Immer mehr Köln-Besucher wählen private Übernachtungsangebote.

Die Verwaltung selbst will eine Bewertung der Zahlen derzeit noch nicht vornehmen. Es sei vereinbart, nach zwei Jahren eine Evaluation vorzunehmen, hieß es auf Anfrage beim Wohnungsamt. Dies werde erst nach der Sommerpause geschehen. Ob die Stadt angesichts der überschaubaren Erfolge über eine Nachbesserung des Gesetzes – etwa in Form einer Verschärfung – nachdenkt, bleibt damit zunächst offen.

Wie diese aussehen könnte, lässt sich am Beispiel Berlin studieren, wo es zwischen 15.000 und 23.000 Ferienunterkünfte in Privatwohnungen gibt. Seit Mai 2014 gilt dort ein besonders rigoroses Zweckentfremdungsverbot, das kürzlich sogar nochmals verschärft wurde.
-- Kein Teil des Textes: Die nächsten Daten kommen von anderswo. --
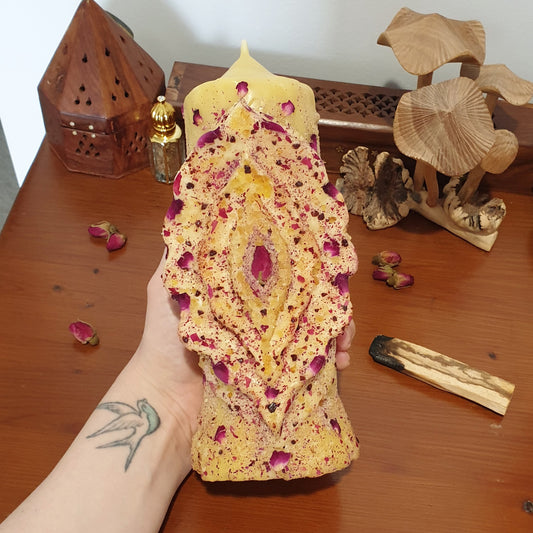 Yoni Beeswax Pillar Candle ♡ Large | 100+ Hrs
Ausnahmegenehmigungen wurden nach Angaben der Senatsverwaltung lediglich in rund 90 Fällen erteilt. Wohnungsvermittlungsportale müssen den Bezirksämtern auf Verlangen Auskunft über die Anbieter von Ferienwohnungen geben. Über ein Online-Formular können Bürger Verstöße melden. Die Höchstgrenze für Bußgelder liegt bei 100.000 Euro und damit doppelt so hoch wie in Köln.

Zusätzlich hat der Senat auch personell nachgerüstet. Zu den bestehenden 34 Stellen seien jüngst 30 weitere Stellen bereit gestellt worden. Auch hier zeigt sich ein entscheidender Unterschied zu Köln – hier kümmern sich lediglich sieben Mitarbeiter um das Thema. „Die haben aber auch noch andere Aufgaben“, bemängelt Michael Weisenstein von den Linken.

„Die Personalstärke ist entscheidend, um das Thema offensiv anzugehen“, so Weisenstein. „Für uns war die Einführung des Zweckentfremdungsverbotes trotzdem schon mal ein richtiger Schritt“, sagt Jürgen Becher vom Kölner Mieterverein. Seither habe sich die Zahl der Beschwerden von Nachbarn deutlich verringert.